Published in final edited form as: Nat Biotechnol. 2020 Jul 20;39(1):30–34. doi: 10.1038/s41587-020-0605-1

Extended Data Fig. 10. Impact of batch effects on cell type prioritization.

Extended Data Fig. 10

Two populations of cells (n = 200 cells total) were simulated, with each condition sequenced in two batches, and varying degrees of perturbation-dependent differential expression and/or technical batch effects were introduced according to five different batch effect scenarios.

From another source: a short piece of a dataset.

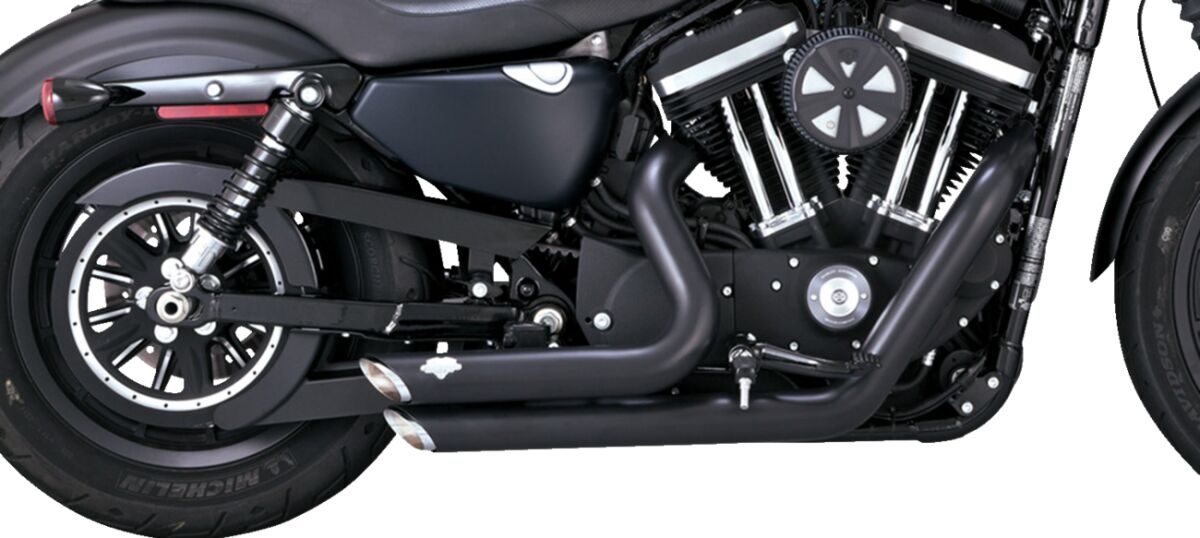 Exhaust S Sht Stag Blk.Xl Vance & Hines
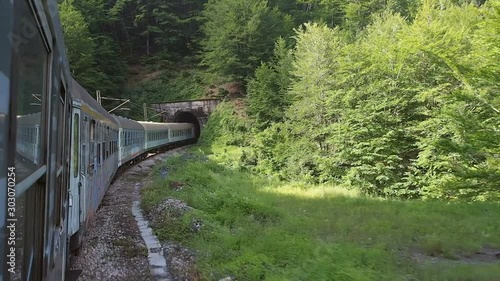 Beautiful views from famous Belgrade - Bar railroad passing through Serbia and Montenegro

For each of the five scenarios, the following panels are shown from left to right:

i, Principal component analysis (PCA) of a representative simulation.

ii, Correlation between AUC and magnitude of simulated batch effect with 0% of genes differentially expressed in response to perturbation, reflecting the introduction of a spurious difference between conditions where none exists (inset, two-sided Pearson correlation).

iii, Correlation between AUC and magnitude of simulated batch effect when the random forest classifier is tasked with predicting batch rather than condition (AUCbatch), confirming the batch effect introduces the expected separability.

iv, Correlation between proportion of genes differentially expressed in response to perturbation and AUC for simulated populations of cells with no batch effect, and batch effects of three different magnitudes.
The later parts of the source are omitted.